The Swiss National Bank’s sudden monetary policy shift left many foreign exchange brokers in a bind, weighing on broker-dealers-related exchange traded fund.

The iShares US Broker-Dealers ETF (NYSEArca: IAI), which tracks U.S. investment banks, discount brokerages and stock exchanges, fell 2.0% Friday and declined 6.9% over the past week. IAI is now testing its 200-day simple moving average.

The sudden surge in the Swiss franc currency wiped out many small-scale investors and brokerages that facilitate their bets, with retail broker Alpari UK filing for insolvency Friday and FXCM Inc (NYSE: FXCM) warning that it may be under-capitalized after clients lost $225 million, Reuters reports. [Swissie Surge Felt Across ETF Landscape]

The move “caused by the SNB’s unexpected policy reversal of capping the Swiss franc against the euro has resulted in exceptional volatility and extreme lack of liquidity,” Alpari said in a statement. “This has resulted in the majority of clients sustaining losses which exceeded their account equity. Where a client cannot cover this loss, it is passed on to us. This has forced Alpari (UK) Limited to confirm that it has entered into insolvency.”

FXCM plunged 88% in premarket trading after stating that its clients’ losses threatened the firm’s capital, reports Katrina Bishop for CNBC. FXCM makes up 2.1% of IAI.

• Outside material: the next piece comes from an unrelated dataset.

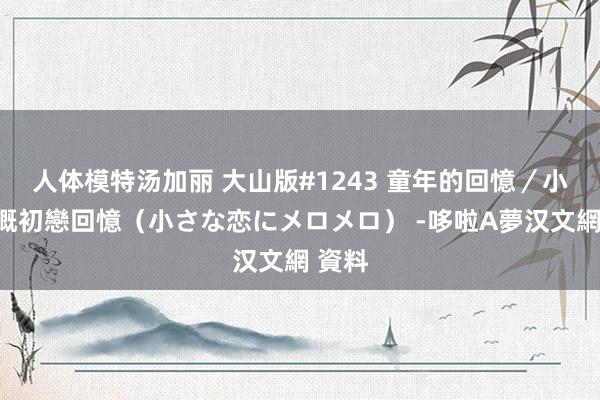 人体模特汤加丽 大山版#1243 童年的回憶／小時候嘅初戀回憶（小さな恋にメロメロ） -哆啦A夢汉文網 資料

After the tumult, investment bank Jefferies, a subsidiary of Leucadia National (NYSE: LUK), was reportedly in talks for a $300 million rescue of FXCM, reports Johanna Bennett for Barron’s. The PowerShares Global Listed Private Equity Portfolio (NYSEArca: PSP) includes a 3.3% tilt toward LUK.

Citigroup (NYSE: C) also reportedly lost $150 million on Forex trades Thursday due to the Swiss move.

Goldman Sachs (NYSE: GS) was also stopped out of one of its key trading ideas for 2015, selling the Swiss franc against the Swedish krona, the Wall Street Journal reported in November. GS makes up 9.4% of IAI.

Due to the SNB’s long-holding cap against the euro currency, many currency traders have maintained bearish bets on further declines in the franc currency.

“Selling puts or vol on the franc was deemed to be SNB guaranteed money for old rope,” Anthony Peters, a broker at Swiss Investment Corp., said in a note. “There will be some very red faces around as it begins to transpire who should not have been playing that game.”